* **Goal of the exercise**
Once the pictures are set aside, repeat all of the data below exactly.

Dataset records
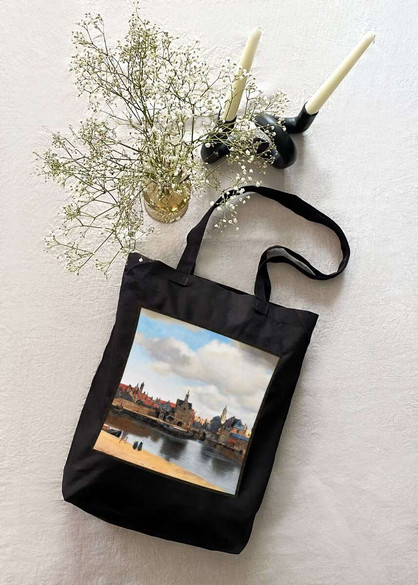Torba z naszywką Widok Delft Jan Vermeer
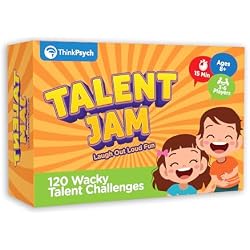 Talent Jam - Laugh Out Loud Fun - Acting & Charades Talent Game for Kids | Family Games for Kids and Adults | Help Shy Kids Builds Social Confidence | Acting Gifts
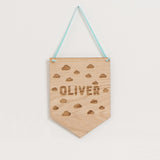 Personalised Wooden Plaque Wall Hanging Gifts for Kids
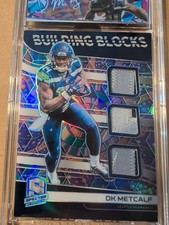 2019 Panini Spectra - Building Blocks DK Metcalf #BB10 Prizm /5 (MEM, RC)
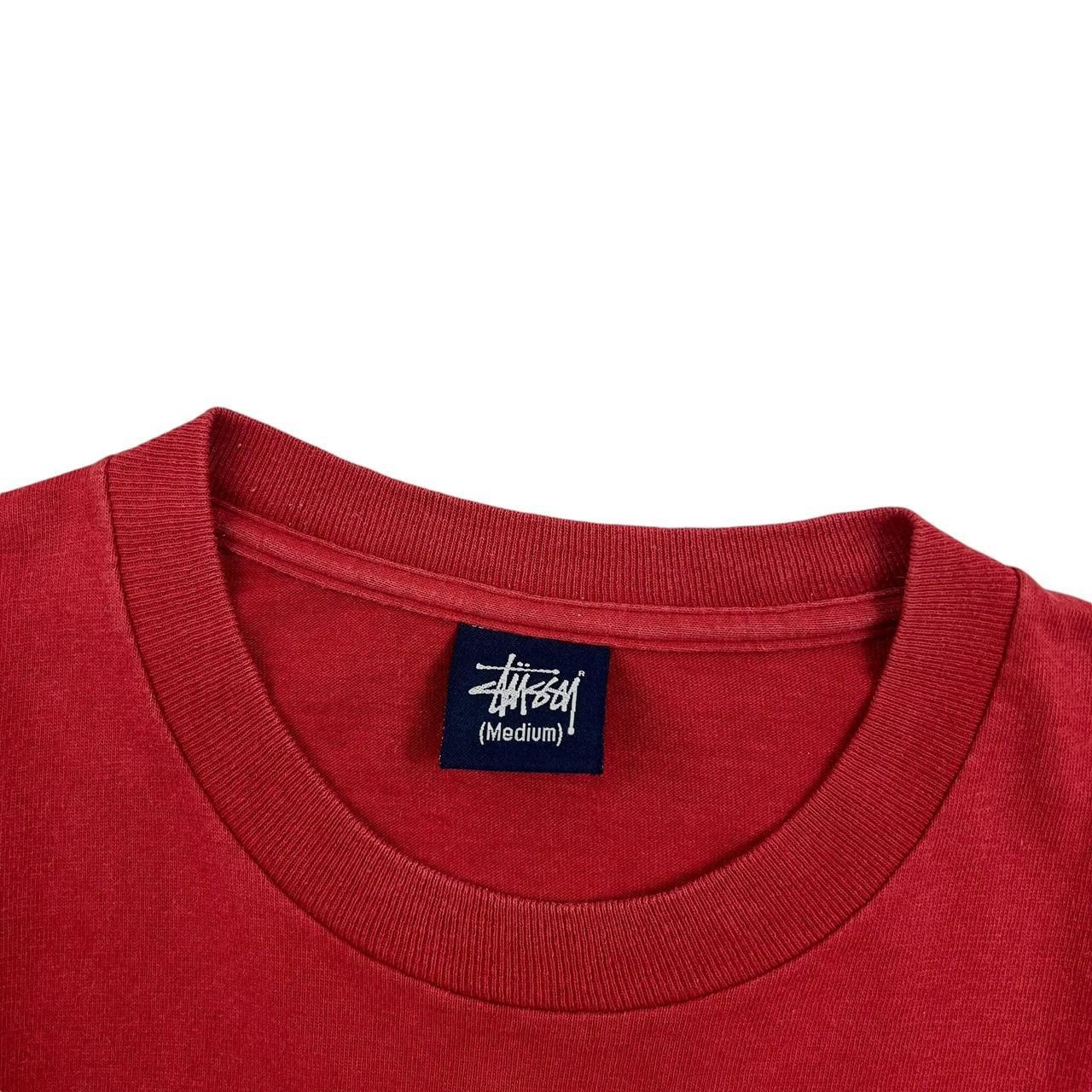 Stussy Vintage Stussy Stop Sign T-shirt Red - Medium Size US M / EU 48-50 / 2 - 3 Thumbnail
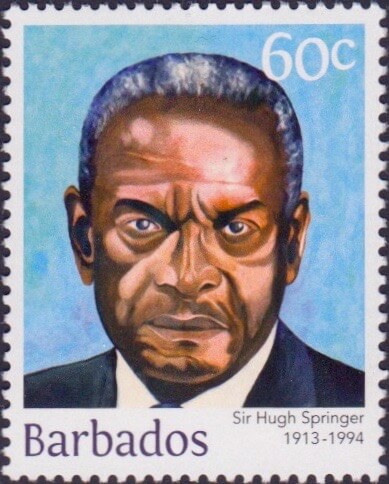 Sir Hugh Springer 60c - Barbados Stamps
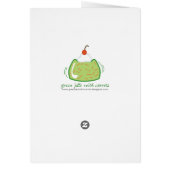 Jesus said Love Everyone card (Back)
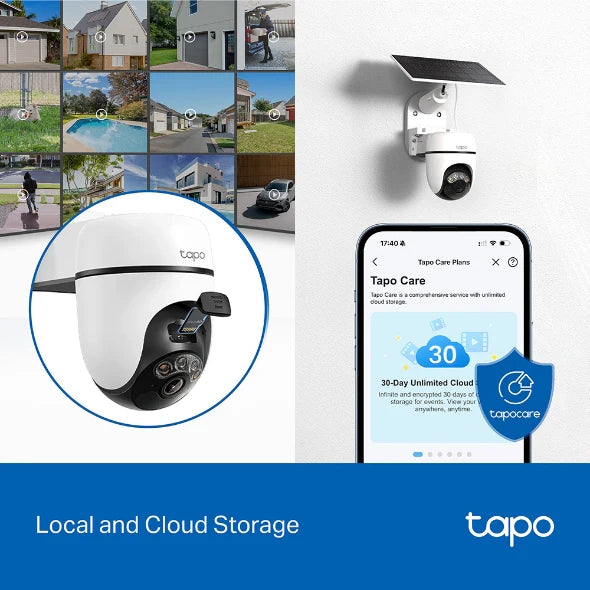 Tapo Solar-Powered Pan/Tilt Security Camera Kit | TAPOC610KIT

* **Response below**
Torba z naszywką Widok Delft Jan Vermeer
 Talent Jam - Laugh Out Loud Fun - Acting & Charades Talent Game for Kids | Family Games for Kids and Adults | Help Shy Kids Builds Social Confidence | Acting Gifts
 Personalised Wooden Plaque Wall Hanging Gifts for Kids
 2019 Panini Spectra - Building Blocks DK Metcalf #BB10 Prizm /5 (MEM, RC)
 Stussy Vintage Stussy Stop Sign T-shirt Red - Medium Size US M / EU 48-50 / 2 - 3 Thumbnail
 Sir Hugh Springer 60c - Barbados Stamps
 Jesus said Love Everyone card (Back)
 Tapo Solar-Powered Pan/Tilt Security Camera Kit | TAPOC610KIT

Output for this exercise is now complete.